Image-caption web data
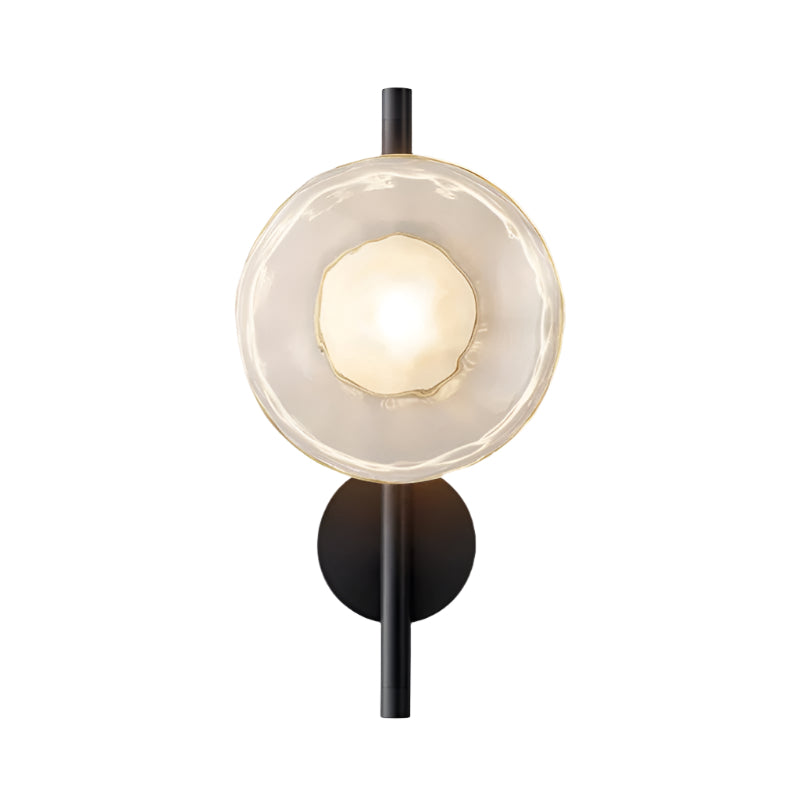 SUENTA Nordic Ceto Wandlampe aus Glas mit LED – Elegantes Design, 20 cm Schwarz Klar 38cm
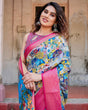 Load image into Gallery viewer, Vibrant Multicolor Digital Printed Tussar Silk Saree with Pink Zari Border DIGITAL PRINT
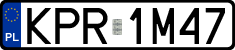 License plates of Poland, Regular car plates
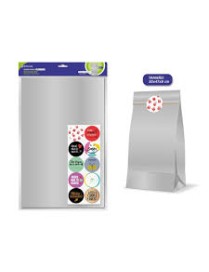 SOBRE PAPEL KRAFT ADHESIVO 30+8X47 PLATA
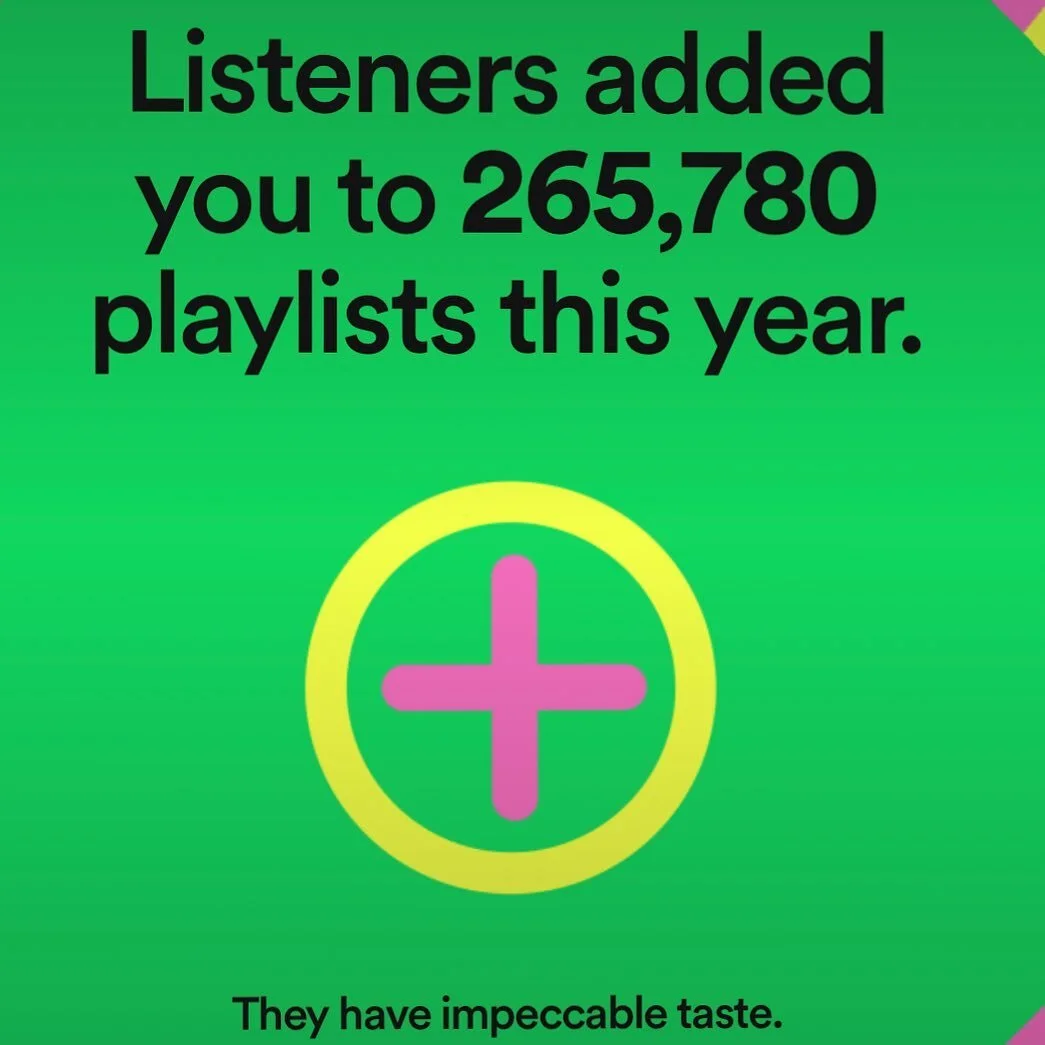 #spotifywrapped let us know something pretty awesome. YOU our Fans have added our songs to your 
@spotify  #playlists over 265,000 times. @spotify has added us to a playlist 2 times. (Ha. 👎🏻 Wow) THANK YOU FANS FOR BEING AWESOME. As indie artist th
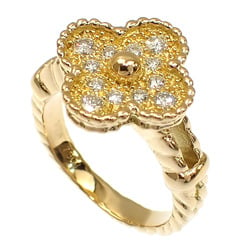 Van Cleef & Arpels Alhambra Ring for Women Diamond K18YG Size 12 #52 8.0g 750 18K Yellow Gold VCA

# WORK TO BE COMPLETED
Pictures excluded, reproduce only the part above that opens with the line holding "Load image into" and closes with the line holding "#spotifywrapped let us", exactly as written.

# ANSWER TO THIS TASK
 Load image into Gallery viewer, Vibrant Multicolor Digital Printed Tussar Silk Saree with Pink Zari Border DIGITAL PRINT
 License plates of Poland, Regular car plates
 SOBRE PAPEL KRAFT ADHESIVO 30+8X47 PLATA
 #spotifywrapped let us know something pretty awesome. YOU our Fans have added our songs to your 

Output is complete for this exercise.